╔══
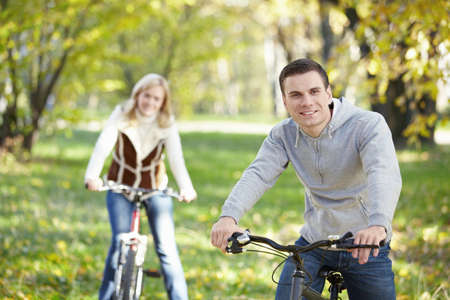 A young man on a bicycle in the foregroundの写真素材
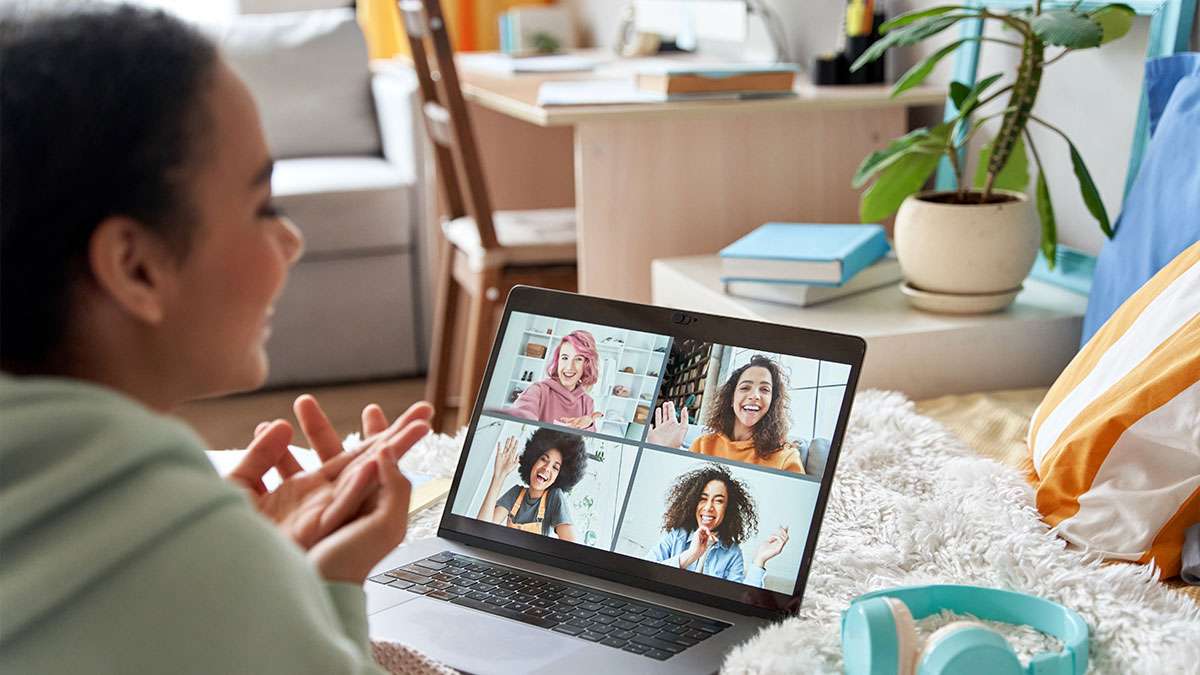 Young person at a laptop. There are four other young people on the screen in an online meeting.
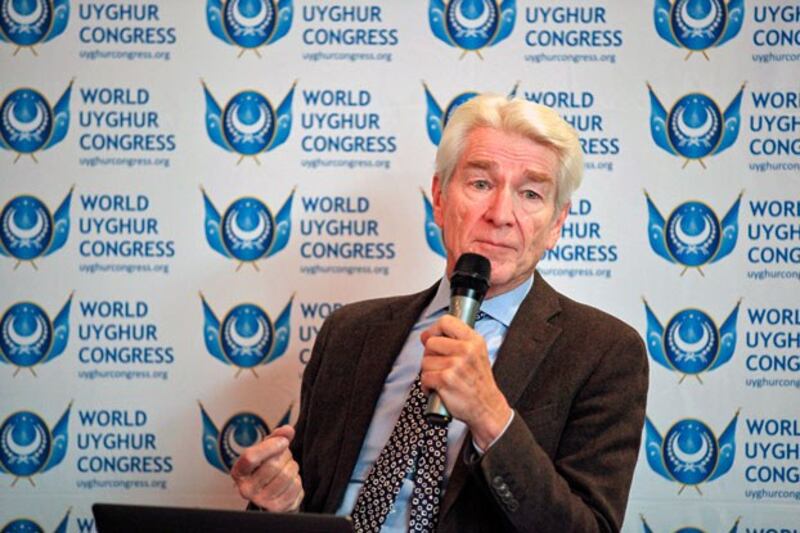 Michael van Walt presents his findings at 20th anniversary commemoration of the World Uyghur Congress in Munich, Germany, May 4, 2024. (Bahram Sintash/RFA)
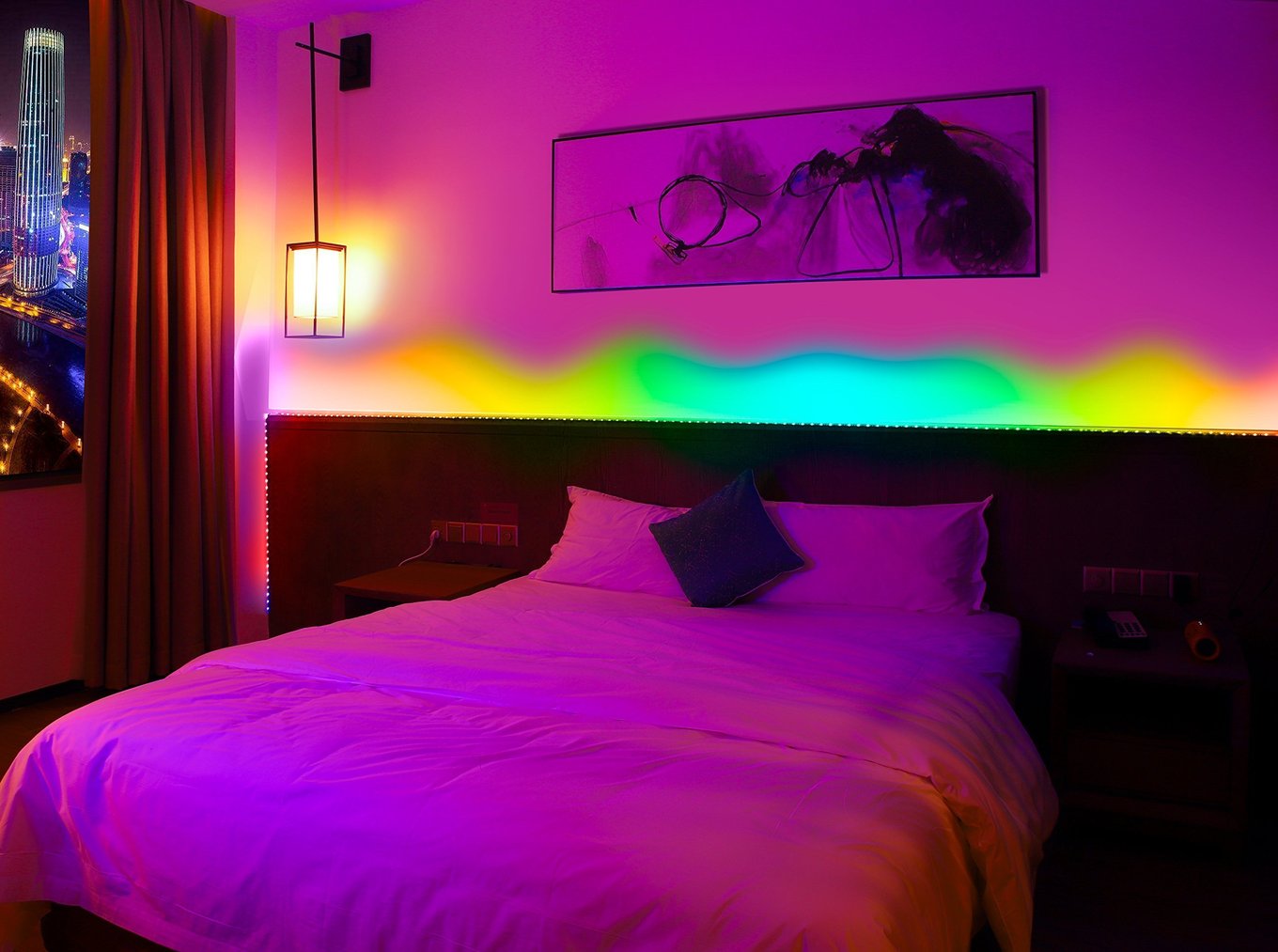 Addressable RGB LED strip behind a bed headboard creating a colour gradient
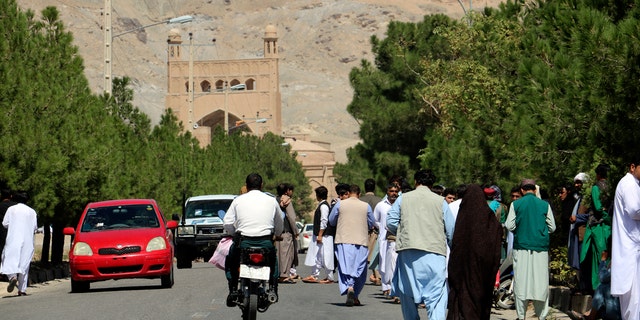 Afghan people gather near the site of an explosion in Herat province, Afghanistan, Friday, Sept 2, 2022. Taliban officials and a local medic say an explosion tore through a crowded mosque in western Afghanistan, killing more than a dozen of people, including a prominent cleric. (AP Photo/Omid Haqjoo)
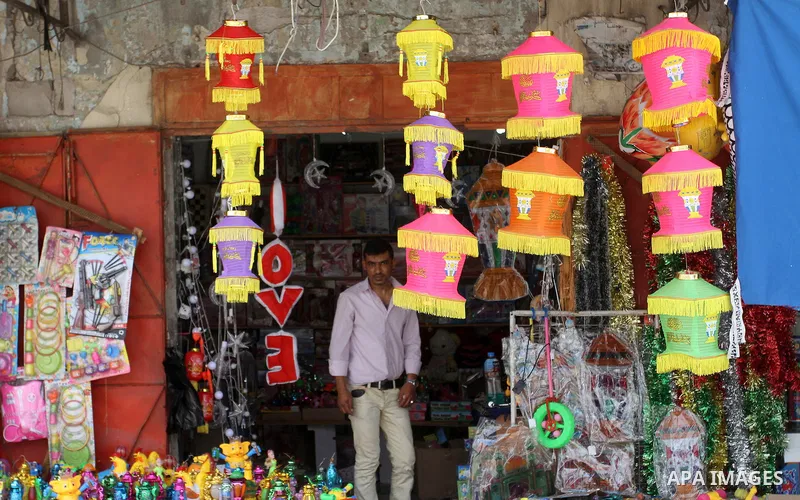 A Palestinian vendor displays a traditional lantern known in Arabic as "Fanous" and toys at a traditional market in preparation for the holy month of Ramadan in Rafah in the southern Gaza strip on June 4,2016. Muslims ar...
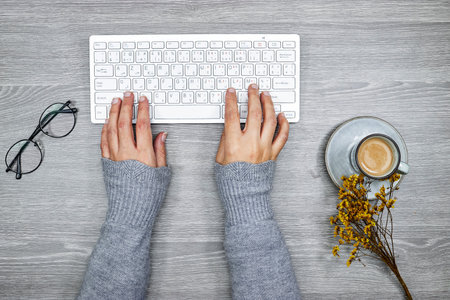 top view of desktop, close up of female hands typing on keyboard, cup of coffee and gypsophila...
╚══
*Exercise brief*
Once the line with "Addressable RGB LED" is found, output it and every line after it through the end of the listing, exactly, without pictures.

*Your solution*
 Addressable RGB LED strip behind a bed headboard creating a colour gradient
 Afghan people gather near the site of an explosion in Herat province, Afghanistan, Friday, Sept 2, 2022. Taliban officials and a local medic say an explosion tore through a crowded mosque in western Afghanistan, killing more than a dozen of people, including a prominent cleric. (AP Photo/Omid Haqjoo)
 A Palestinian vendor displays a traditional lantern known in Arabic as "Fanous" and toys at a traditional market in preparation for the holy month of Ramadan in Rafah in the southern Gaza strip on June 4,2016. Muslims ar...
 top view of desktop, close up of female hands typing on keyboard, cup of coffee and gypsophila...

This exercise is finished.